About this task — Below are entries. Copy exactly the lines running from the line that holds "waschen mit Kuh-Urin?" to the line that holds "Waikiki Banyan Ocean", with both ends included.
BEGIN Dataset content
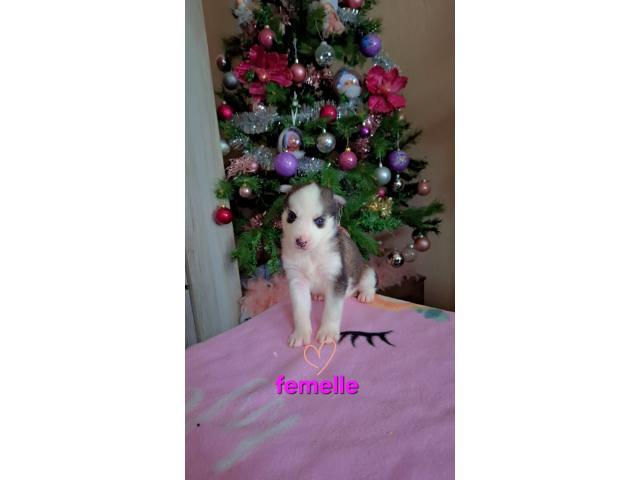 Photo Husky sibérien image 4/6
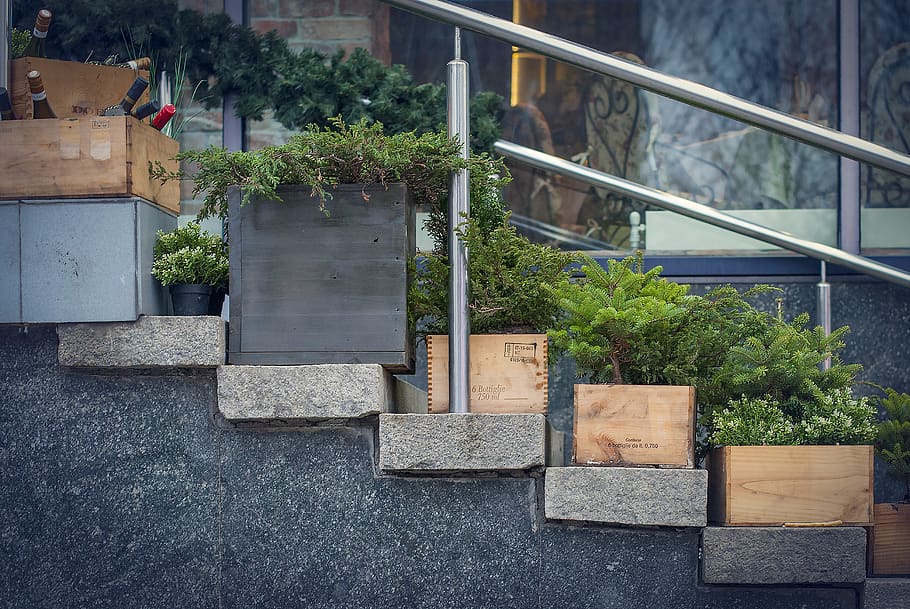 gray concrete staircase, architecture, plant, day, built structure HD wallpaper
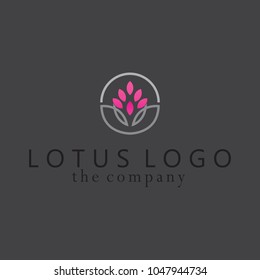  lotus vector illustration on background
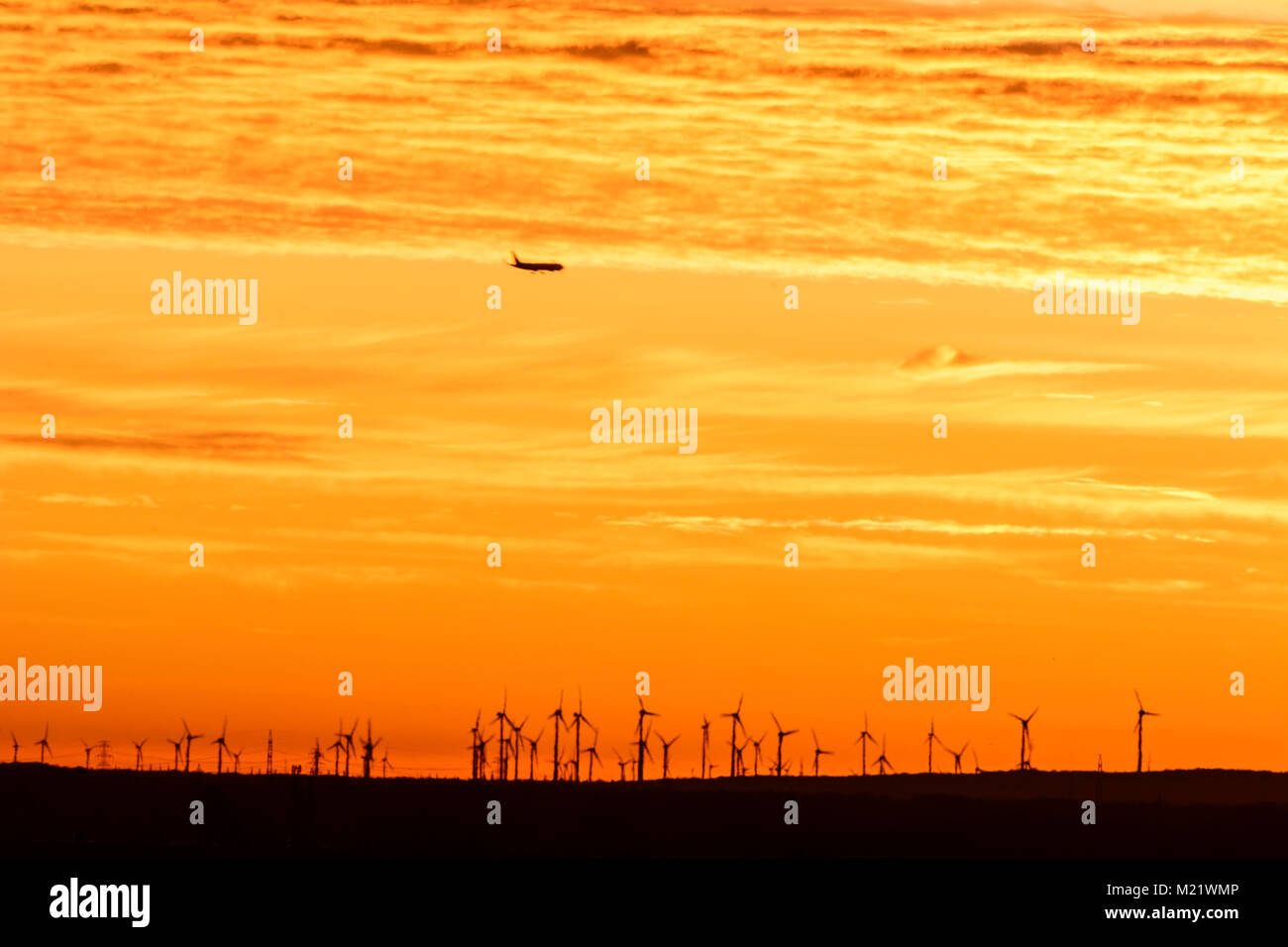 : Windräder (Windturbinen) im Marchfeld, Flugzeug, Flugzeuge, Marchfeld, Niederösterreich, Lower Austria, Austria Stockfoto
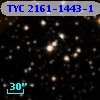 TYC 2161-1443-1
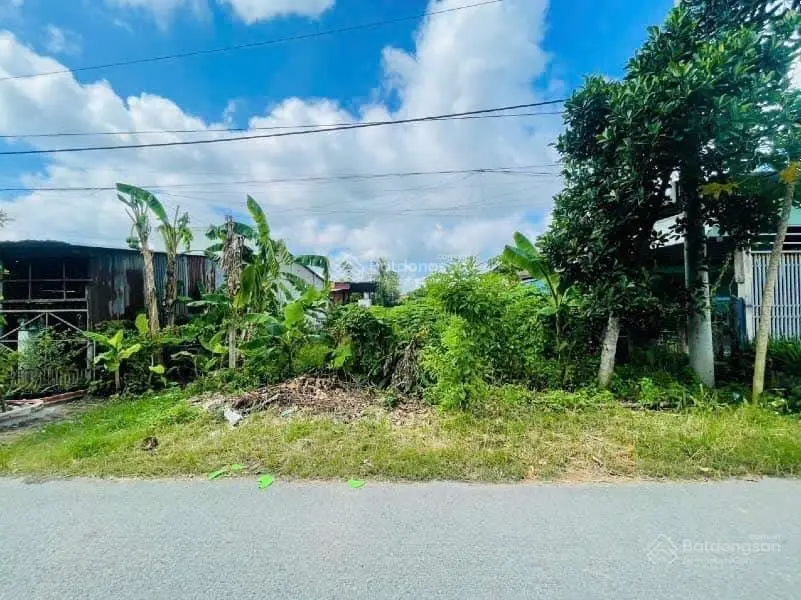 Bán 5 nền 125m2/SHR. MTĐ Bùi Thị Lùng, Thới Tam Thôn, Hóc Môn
END Dataset content
BEGIN Dataset content
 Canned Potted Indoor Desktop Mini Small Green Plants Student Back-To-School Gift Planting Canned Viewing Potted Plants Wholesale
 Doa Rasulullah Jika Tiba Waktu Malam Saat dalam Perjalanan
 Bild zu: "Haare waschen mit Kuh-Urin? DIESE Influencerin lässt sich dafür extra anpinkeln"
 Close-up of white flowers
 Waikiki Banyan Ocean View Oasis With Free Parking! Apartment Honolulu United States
END Dataset content
Task output —
 Bild zu: "Haare waschen mit Kuh-Urin? DIESE Influencerin lässt sich dafür extra anpinkeln"
 Close-up of white flowers
 Waikiki Banyan Ocean View Oasis With Free Parking! Apartment Honolulu United States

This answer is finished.